Luke Daniel Sanders (born December 12, 1985) is a retired American mixed martial artist who competed in the Bantamweight division. A professional competitor since 2011, he also competed for the Ultimate Fighting Championship (UFC), Strikeforce and the RFA.

Background
Born in Brenham, Texas and raised in Nashville, Tennessee, Sanders was athletic from a young age; he won national titles in BMX and finished fourth at the grand nationals event in 1992 at the age of seven. He started wrestling in the second grade, winning a state championship for Montgomery Central High School in 2004 at 145 lbs. Sanders also played hockey, winning two state championships in 2001 and 2002. He began competing in Toughman contests at the age of 17, winning several tournaments, and holds an amateur boxing record of 9–0.

Mixed martial arts career

Early career
Sanders compiled an amateur record of 4-0 before making his professional debut for Strikeforce in 2011. Sanders won via TKO in the first round. He then continued his unbeaten streak, compiling a record of 10-0 before being signed by the UFC.

Ultimate Fighting Championship
Sanders made his promotional debut as a short notice injury replacement on January 17, 2016, against Maximo Blanco at UFC Fight Night 81. He won the fight via submission in the first round and was awarded a Performance of the Night bonus.

Sanders next faced Iuri Alcântara on March 4, 2017, at UFC 209. He was handed his first professional loss via submission (kneebar) in the second round.

Sanders was scheduled to face Felipe Arantes on September 16, 2017, at UFC Fight Night 116. However, the fight was scrapped after Arantes fell sick on September 14 from an undisclosed illness.

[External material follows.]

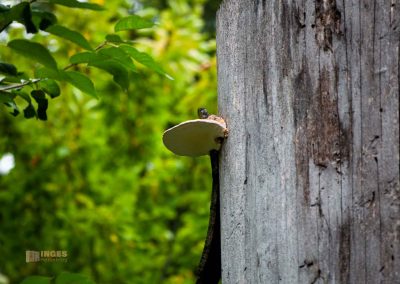 wildgehege schloss stern prag 0042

Sanders was expected to face Bryan Caraway on December 9, 2017, at UFC Fight Night 123. However, on November 20, Caraway pulled out from the fight with undisclosed reason and he was replaced by Andre Soukhamthath. Sanders lost the fight via TKO in the second round. California State Athletic Commission (CSAC) flagged Sanders, after the event, of gaining more than 10% of weight from weight-in weight against on fight day weight, from 135.6 Ibs to 154.5 Ibs, which well over the commission regulation contracted weight of staying within 10% body weight gain for CSAC would not license to Sanders to fight in bantamweight bout in California.

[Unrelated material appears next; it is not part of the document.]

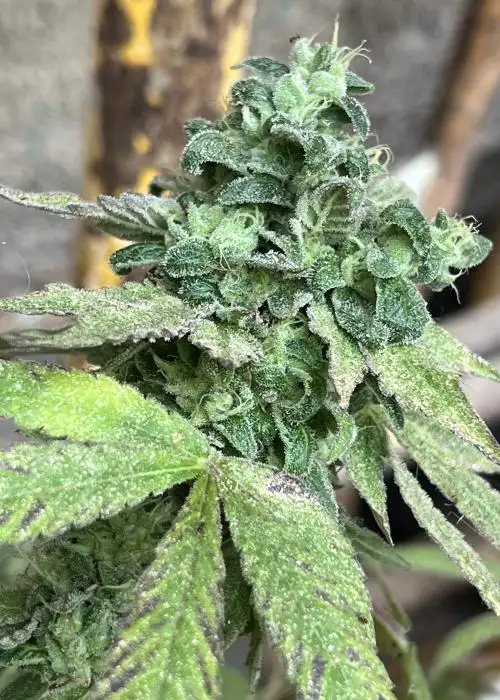 Gargantua by Clearwater Genetics, Photoperiod cannabis strain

Sanders faced Patrick Williams on April 14, 2018, at UFC on Fox 29. Despite knocking Williams down in the first round, Sanders went on to win the fight via unanimous decision. The bout marked the last of Sanders' prevailing contract and after entertaining other offers, he opted to re-sign with the UFC.

Sanders faced Rani Yahya on August 25, 2018, at UFC Fight Night 135. He lost the fight via heel hook submission in the first round.

Sanders faced Renan Barão on February 17, 2018, at UFC on ESPN 1. At the weigh-ins, Barão weighed in at 138 pounds, 2 pounds over the Bantamweight non-title fight upper limit of 136 lbs. As a result, the bout proceeded at catchweight and  Barão was fined 20% of his purse which went to Sanders. Sanders won the fight via knockout in the second round. This fight earned him the Performance of the Night award.

Sanders was scheduled to face Chris Gutiérrez on August 1, 2020, at UFC Fight Night: Brunson vs. Shahbazyan. However, Sanders was removed from the bout in mid-July for undisclosed reasons and replaced by promotional newcomer Cody Durden.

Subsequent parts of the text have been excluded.